_Prompt_
Please write out all the data that follows exactly, without the pictures.

_Exercise materials_
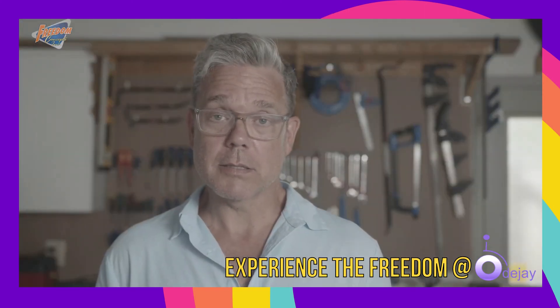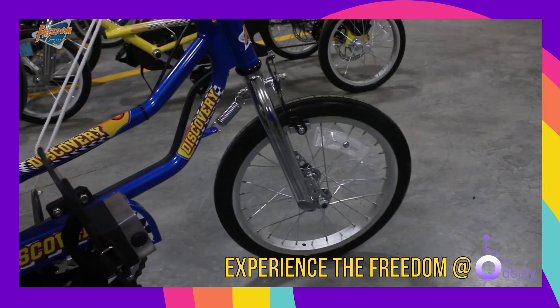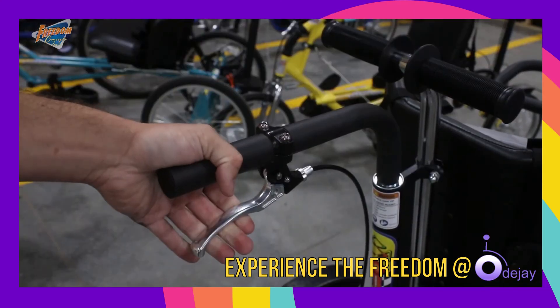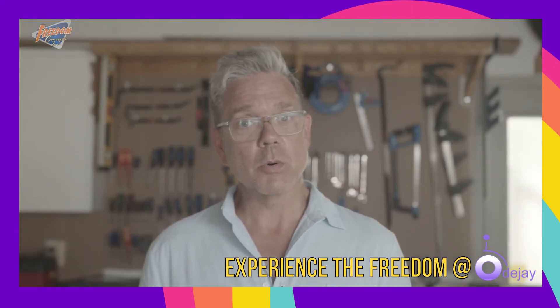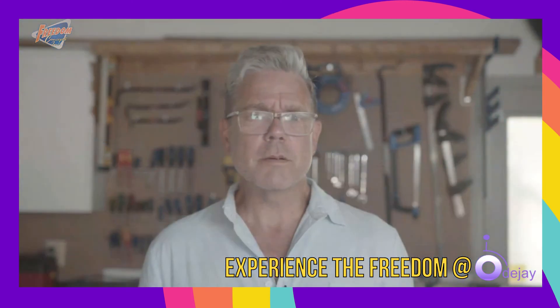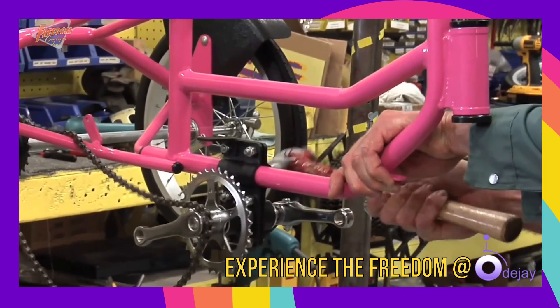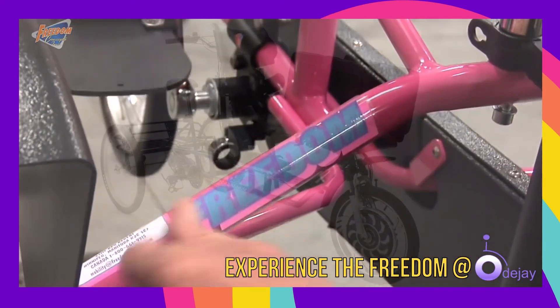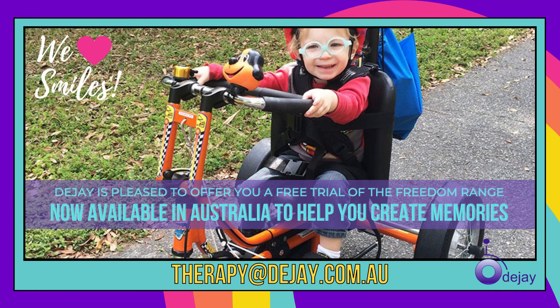When a rider is pedaling as hard as they can and they still need a little help, we have the rear steer handle which allows the attendant to give that little bit of help that is required. They can steer and brake for the rider. In more extreme cases, we are able to add an electric assist motor. Freedom Concepts also offers many other optional accessories to ensure that our bikes work for your child. For a full list of available accessories, please visit our website at freedomconcepts.com. Because all of our bikes are built from start to finish in our warehouse, if you need something custom made, our team of engineers and builders can create something that will get you or your child riding. If you want to ride, we can make it happen. Thank you.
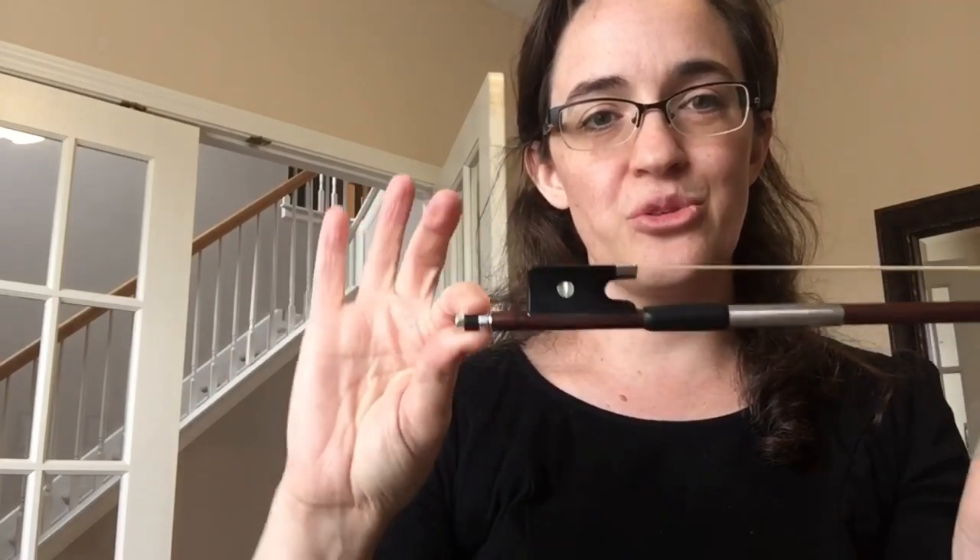Next we have the frog — use your imagination, that's a weird one. Next we have the screw; it tightens and loosens the bow, and you'll learn about that later.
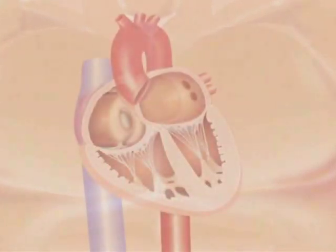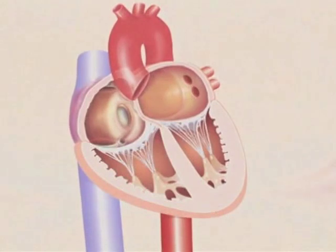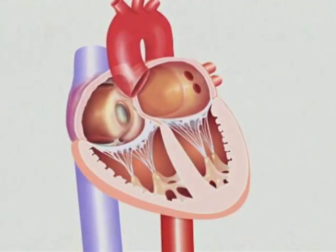Use a standard transseptal puncture technique to gain access to the left atrium from the femoral vein. Introduce the guide wire through the needle and into the left atrium. Then remove the transseptal needle and Mullins sheath.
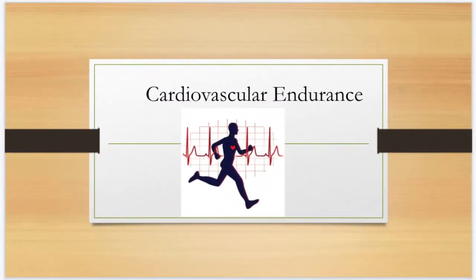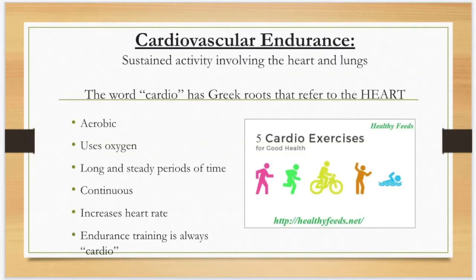Cardiovascular endurance is the main fitness component used in jumping rope. Cardio has Greek roots referring to heart — cardio means heart. There are lots of cardio exercises, but jumping rope is definitely one of them. Why? Because you use oxygen, you're breathing a lot. If you're moving in a long, steady period of exercise, it increases heart rate. You're going to feel your heart pumping.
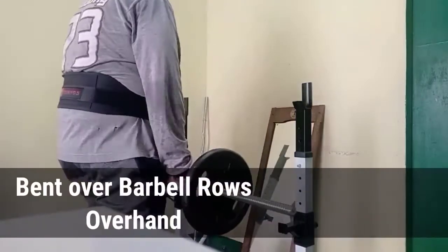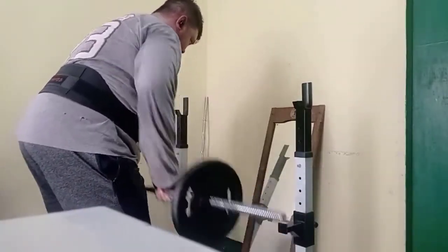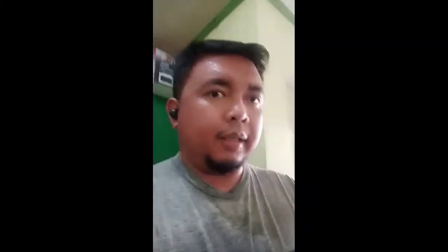Two warm-up sets, and then the first exercise is bend over barbell rows, overhand grip. You'll see the difference in hand casing. So there's the form for the exercise — bend over and row to your side, and at the top of your row, you squeeze the back. That's how you properly do the exercise. My first set is still relatively light.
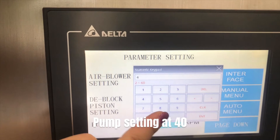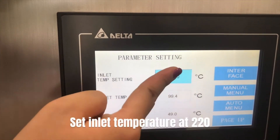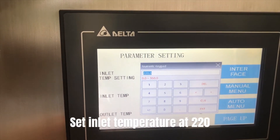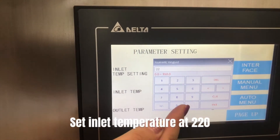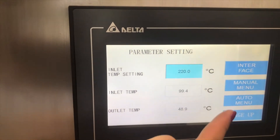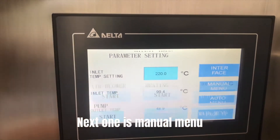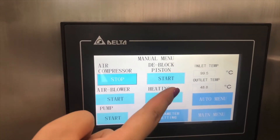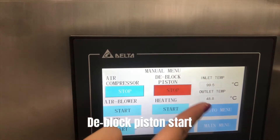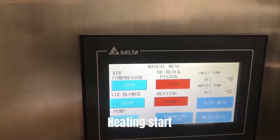Set the pump at 40, then scroll down. Set the inlet temperature at 220. Next, go to manual control: start the air compressor, start the deep block piston, start the air blower, and start heating.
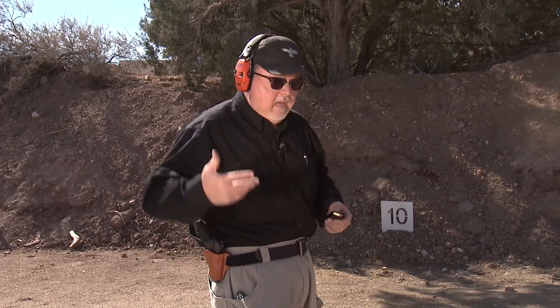First of all, I want to show you this holster. It's a Safariland holster — actually a Bianchi holster by Safariland. I found this holster at home, tried it, and it worked. It's actually meant for the Smith & Wesson M&P, the standard M&P pistol.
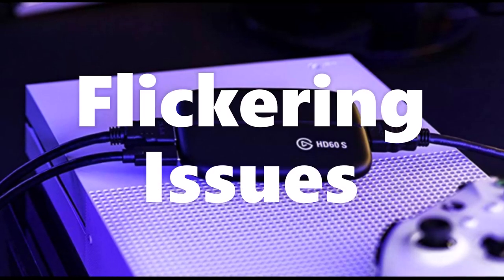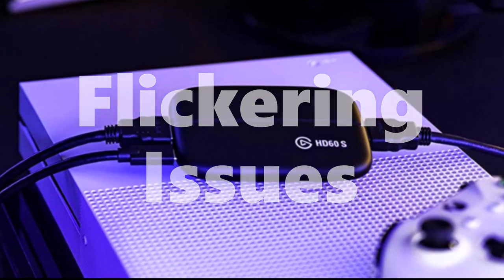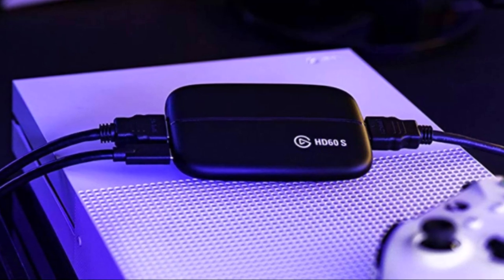You're probably watching this video because you're a brand new PS5 owner and you want to stream your PS5 gaming content through your Elgato capture card, but you're having flickering issues. No worries — this video is going to show you how to fix that, real simple, real easy. There's a setting in the PS5 that you must set first. Let's get into it.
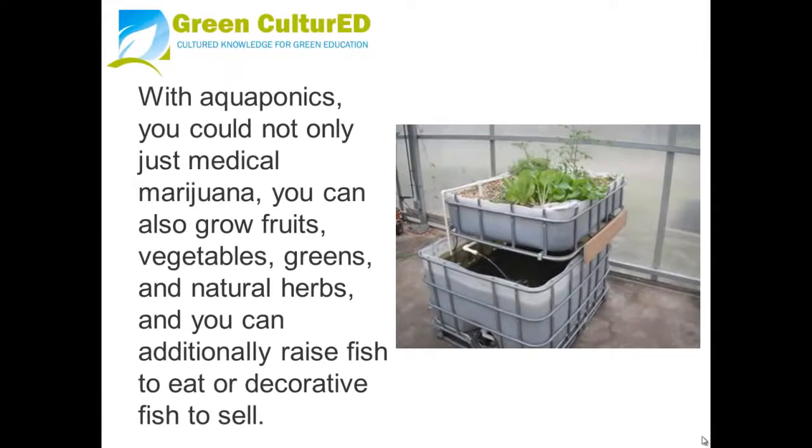With aquaponics, you can not only grow medical marijuana — you can also grow fruits, vegetables, greens, and herbs. And you can additionally raise fish to eat or decorative fish to sell.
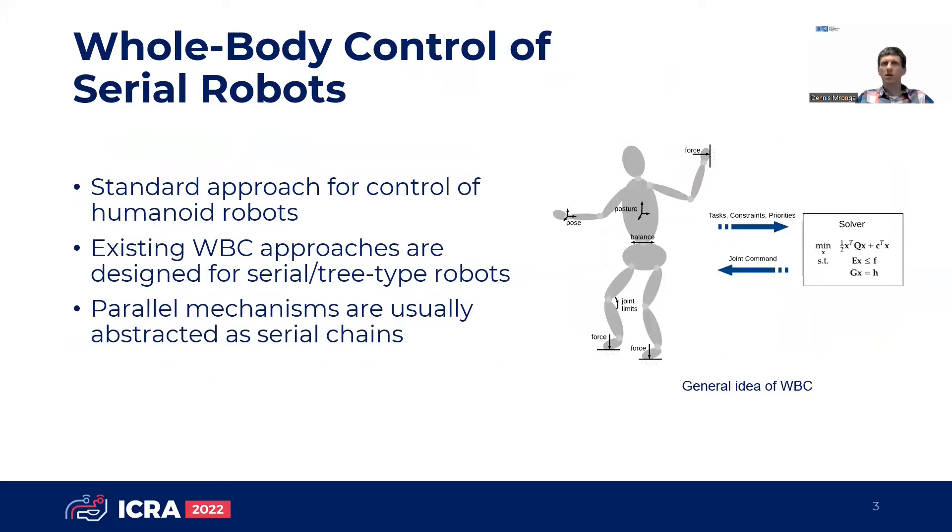Whole body control has become the standard approach for controlling humanoid robots. The existing whole body control approaches are typically designed for serial or tree-type robots. Parallel mechanisms are abstracted by means of serial chains, and their kinematics and dynamics are usually resolved separately in a specialized function.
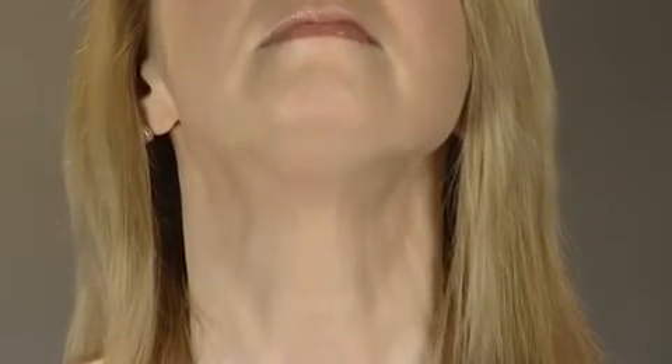Drop your chin three inches and up again. Keep the movement slow. Focus on the stretch under your chin.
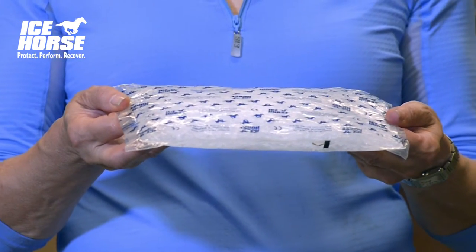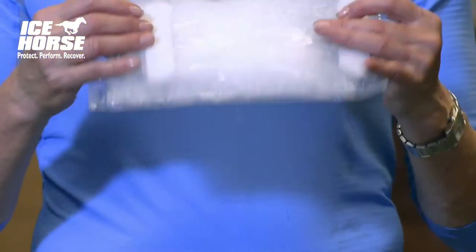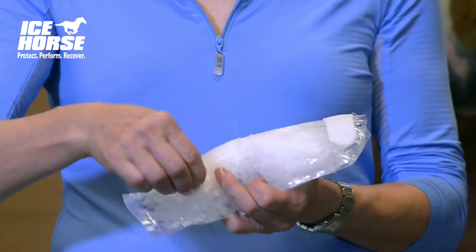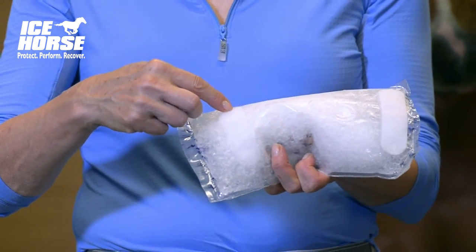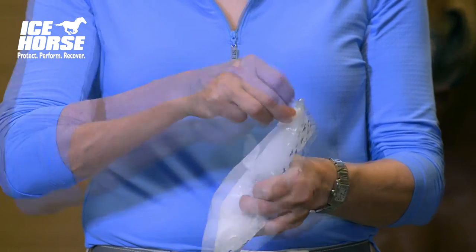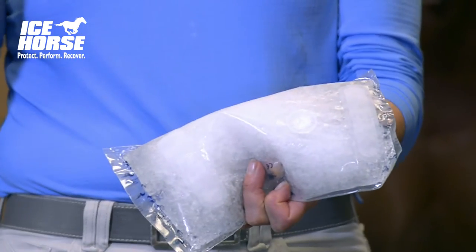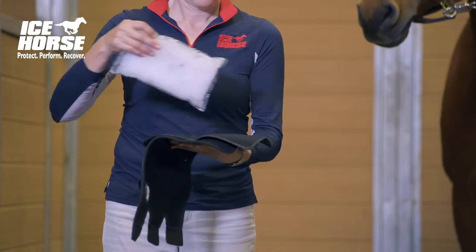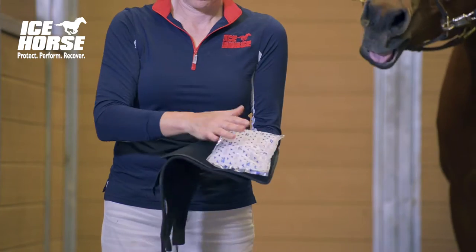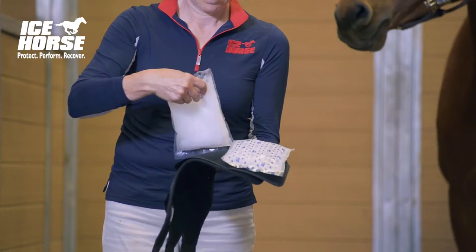When you remove your ice from the freezer, it will look like this. Flip the packs over and remove the covers from the velcro strips so that it will stick properly to the landing pads. When you open up your wrap, you'll see that there's a left and a right. You want to place your ice packs on the landing pads.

_Response to this exercise_
When a rider is pedaling as hard as they can and they still need a little help, we have the rear steer handle which allows the attendant to give that little bit of help that is required. They can steer and brake for the rider. In more extreme cases, we are able to add an electric assist motor. Freedom Concepts also offers many other optional accessories to ensure that our bikes work for your child. For a full list of available accessories, please visit our website at freedomconcepts.com. Because all of our bikes are built from start to finish in our warehouse, if you need something custom made, our team of engineers and builders can create something that will get you or your child riding. If you want to ride, we can make it happen. Thank you.
Next we have the frog — use your imagination, that's a weird one. Next we have the screw; it tightens and loosens the bow, and you'll learn about that later.
Use a standard transseptal puncture technique to gain access to the left atrium from the femoral vein. Introduce the guide wire through the needle and into the left atrium. Then remove the transseptal needle and Mullins sheath.
Cardiovascular endurance is the main fitness component used in jumping rope. Cardio has Greek roots referring to heart — cardio means heart. There are lots of cardio exercises, but jumping rope is definitely one of them. Why? Because you use oxygen, you're breathing a lot. If you're moving in a long, steady period of exercise, it increases heart rate. You're going to feel your heart pumping.
Two warm-up sets, and then the first exercise is bend over barbell rows, overhand grip. You'll see the difference in hand casing. So there's the form for the exercise — bend over and row to your side, and at the top of your row, you squeeze the back. That's how you properly do the exercise. My first set is still relatively light.
Set the pump at 40, then scroll down. Set the inlet temperature at 220. Next, go to manual control: start the air compressor, start the deep block piston, start the air blower, and start heating.
First of all, I want to show you this holster. It's a Safariland holster — actually a Bianchi holster by Safariland. I found this holster at home, tried it, and it worked. It's actually meant for the Smith & Wesson M&P, the standard M&P pistol.
You're probably watching this video because you're a brand new PS5 owner and you want to stream your PS5 gaming content through your Elgato capture card, but you're having flickering issues. No worries — this video is going to show you how to fix that, real simple, real easy. There's a setting in the PS5 that you must set first. Let's get into it.
With aquaponics, you can not only grow medical marijuana — you can also grow fruits, vegetables, greens, and herbs. And you can additionally raise fish to eat or decorative fish to sell.
Whole body control has become the standard approach for controlling humanoid robots. The existing whole body control approaches are typically designed for serial or tree-type robots. Parallel mechanisms are abstracted by means of serial chains, and their kinematics and dynamics are usually resolved separately in a specialized function.
Drop your chin three inches and up again. Keep the movement slow. Focus on the stretch under your chin.
When you remove your ice from the freezer, it will look like this. Flip the packs over and remove the covers from the velcro strips so that it will stick properly to the landing pads. When you open up your wrap, you'll see that there's a left and a right. You want to place your ice packs on the landing pads.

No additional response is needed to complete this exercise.